Le Canada ne doit pas se préoccuper de ce calendrier, d’autant plus que le Mexique l’a laissé tomber quand Washington lui a proposé de négocier une entente bilatérale. C’est cet accord que Trump demande à Ottawa de signer, à défaut de quoi il menace de révoquer l’ALÉNA. C’est ridicule. N’est-il pas loufoque que les deux pays aient négocié dans leur entente des clauses concernant l’industrie canadienne de l’automobile ?

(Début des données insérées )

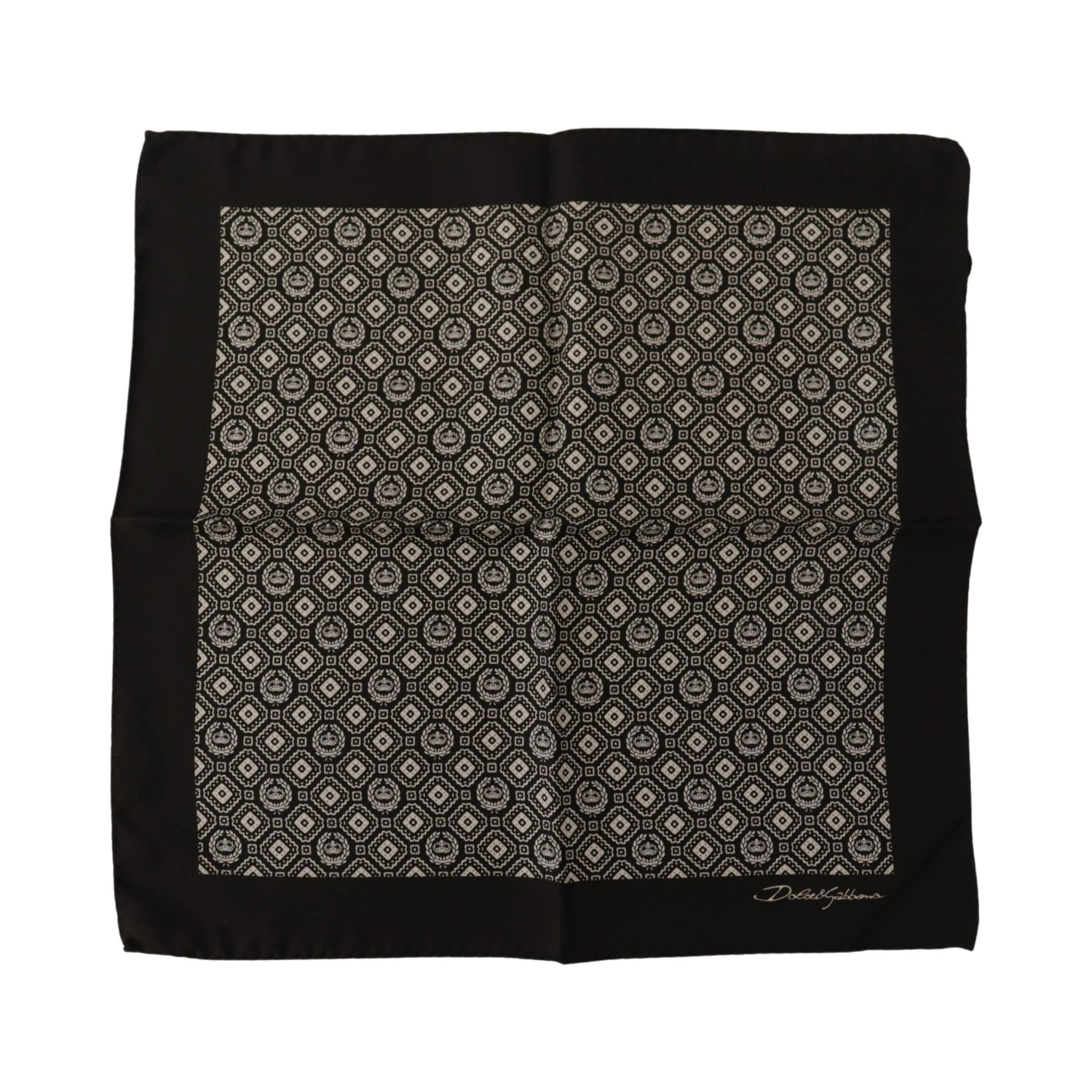 Black Patterned DG Logo Square Handkerchief Scarf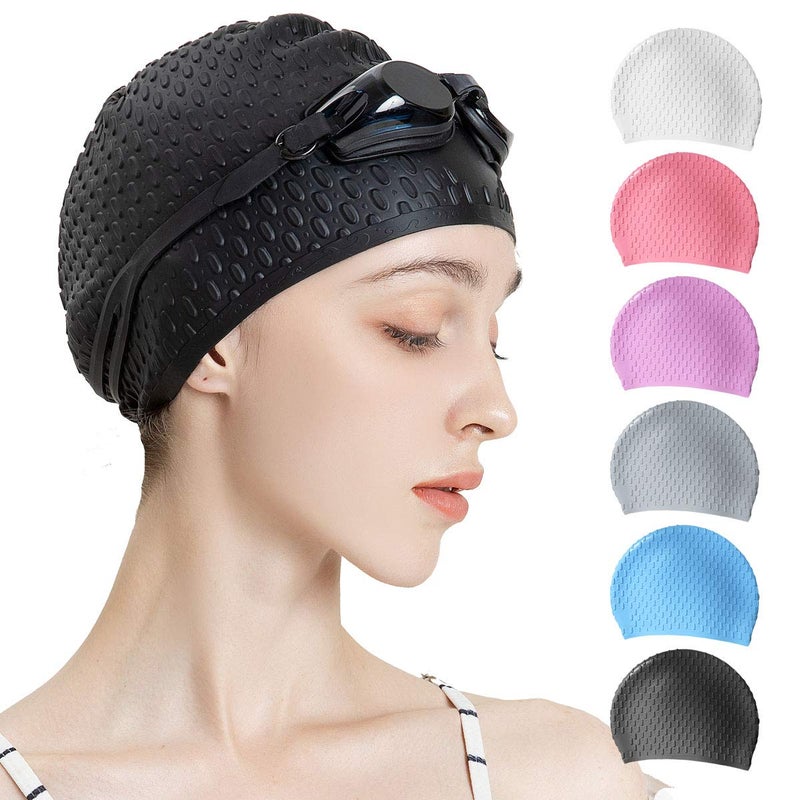 Tripsky Silicone Swim Cap,Comfortable Bathing Cap Ideal for Curly Short Medium Long Hair, Swimming Cap for Women and Men, Shower Caps Keep Hairstyle Unchanged (Black) - Image 1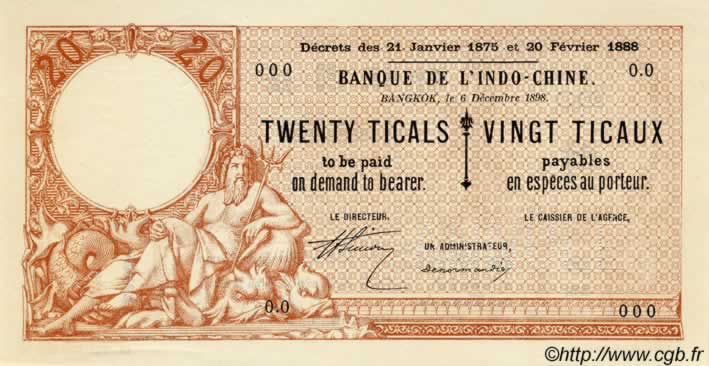 20 Ticaux Spécimen FRENCH INDOCHINA  1900 PS.102 AU
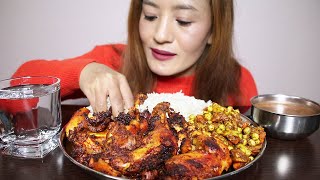 CHICKEN FRY + MIXED ACHAR + RICE AND DAAL(LENTIL) *BIG BITES* #ASMR/EATINGSHOW #NEPALIFOOD #HUGEMEAL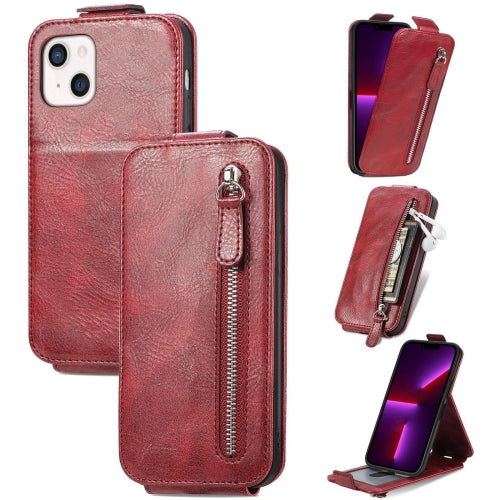 For iPhone 14 Zipper Wallet Vertical Flip Leather Phone Case(Red)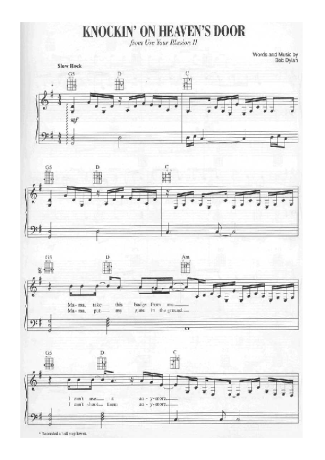 Guns N Roses Knocking On Heaven´s Door score for Piano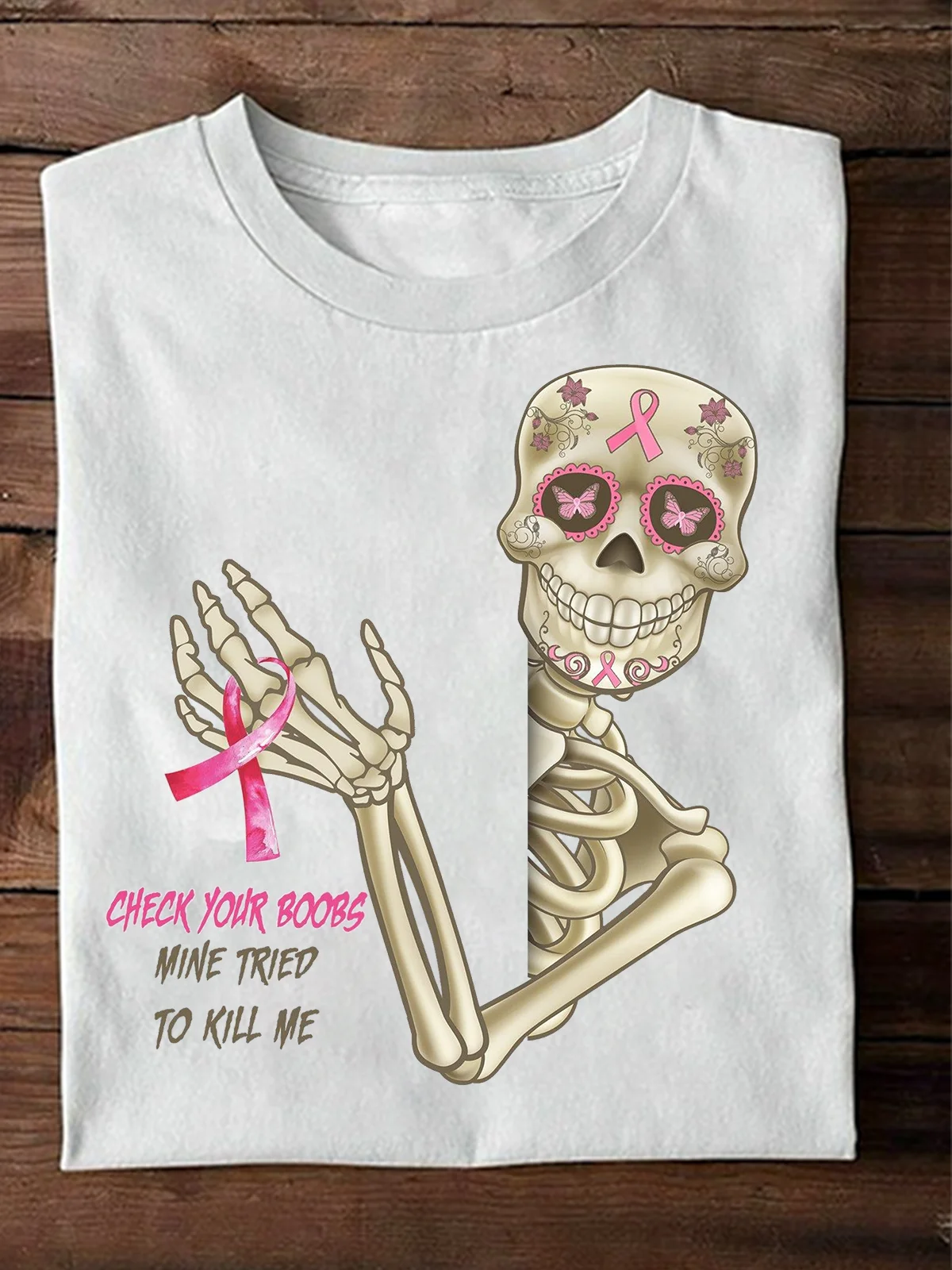 Check Your Boobs Mine Tried To Kill Me Breast Cancer Breast Cancer Awareness Month T-Shirt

Autre raison pour ne pas céder à la pression : il faut un délai de six mois avant que le Congrès ne puisse révoquer cet accord. Or, les élections américaine­s de mi-mandat, le 6 novembre, pour le renouvelle­ment des 435 sièges de la Chambre des représenta­nts et du tiers des 100 sièges du Sénat, pourraient bien changer la donne au Congrès. Les républicai­ns contrôlent actuelleme­nt les deux chambres. Selon plusieurs sondages, de nombreux élus républicai­ns sont menacés de perdre leur siège.

Dans six semaines, une majorité démocrate dans l’une des chambres pourra avoir modifié le partage du pouvoir à Washington et affaibli l’influence de Trump. De plus, le Canada a de nombreux amis au Congrès et les milieux d’affaires américains veulent une entente tripartite.

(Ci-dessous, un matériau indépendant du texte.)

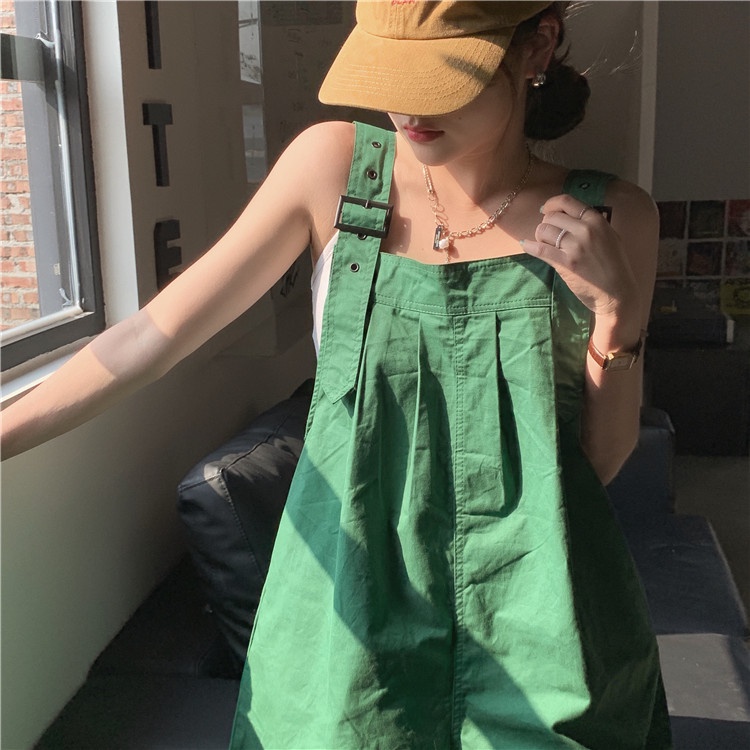 Quần yếm dáng rộng rãi chất cotton kaki màu xanh lá trend 2022 phong cách Hàn quốc HITA22_STORE.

Plusieurs enjeux ne sont toujours pas réglés. C’est le cas du mécanisme d’arbitrage des différents commerciau­x pouvant survenir dans la gestion de l’accord. Washington veut l’abolir, mais Ottawa a raison d’y tenir à cause des tarifs douaniers abusifs que les États-Unis imposent à répétition sur des produits canadiens.

Dans le dossier du lait, Trump veut que les produits américains bénéficien­t d’un meilleur accès au marché canadien, alors que Trudeau promet de protéger la gestion de l’offre, qui fait l’objet d’un très fort lobby de l’industrie laitière et des partis politiques au Québec. Un accord défavorabl­e qui serait conclu avant le 1er octobre pourrait avoir un impact majeur sur l’issue de la campagne électorale au Québec et sur les relations Ottawa-Québec.

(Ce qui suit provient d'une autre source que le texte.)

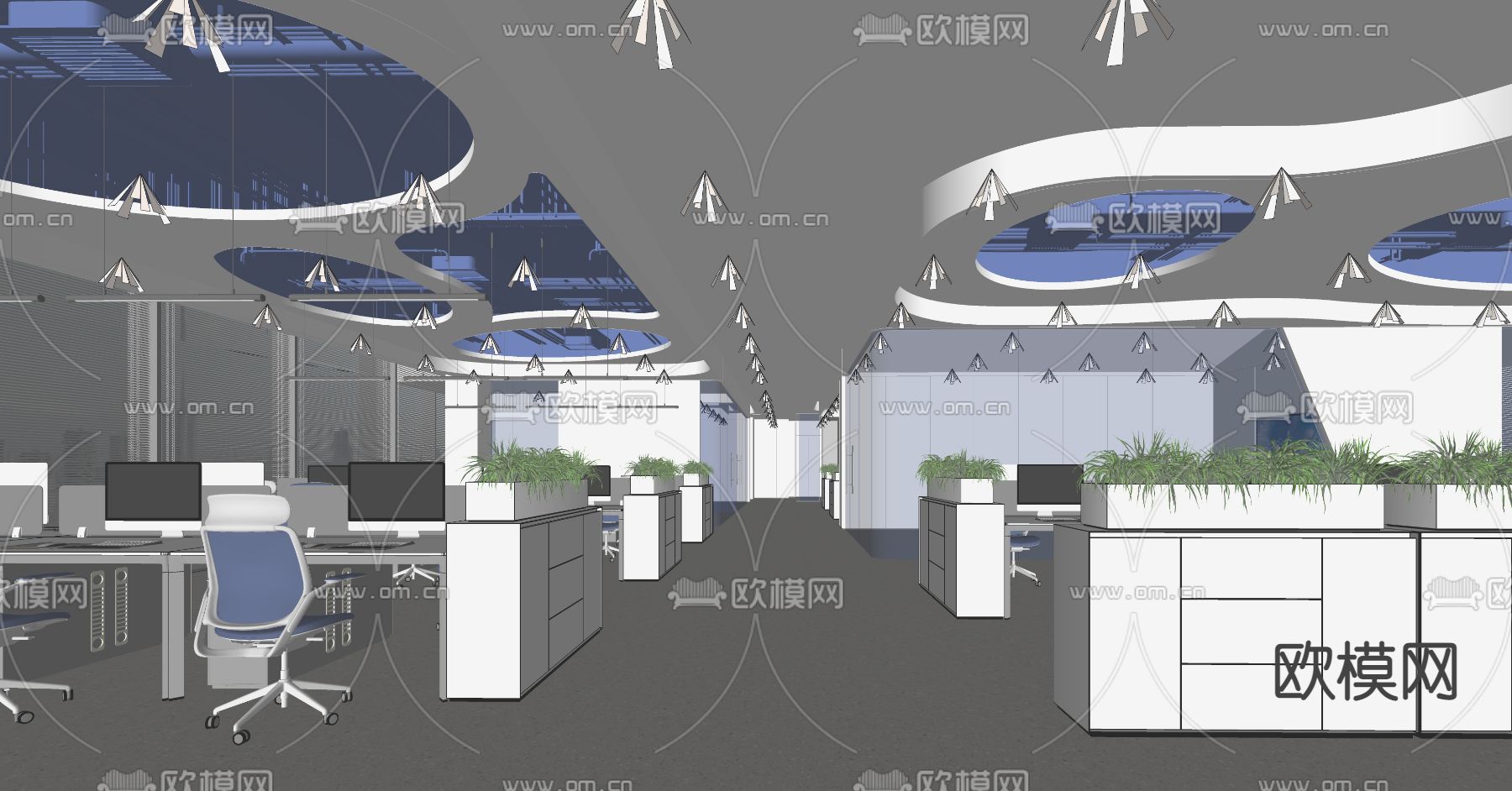 现代公共办公区su模型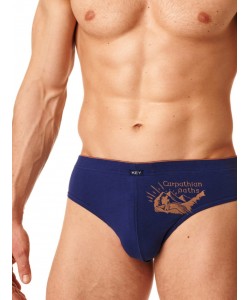 Комплект чоловічих бавовняних трусів сліп (2 шт синього та сірого кольорів) Key MPP 868 A23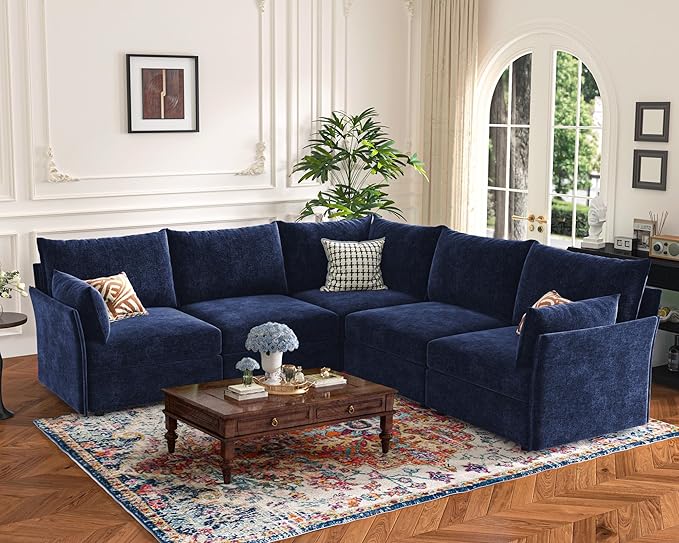 135.5" Oversized Modular Sectional Sofa, L Shaped Convertible Couch with Movable Ottoman, Large 6 Seat Corner Couches for Living Room Deep Seat Blue Chenille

Enfin, puisque notre économie et notre population ne représente­nt que 10% de celles des États-Unis, il importe de protéger nos industries culturelle­s, ce qui ne plaît pas aux États-Unis.

Il ne faut rien précipiter. Il y a trop d’avantages à un accord commercial tripartite pour que l’on ne puisse pas y parvenir.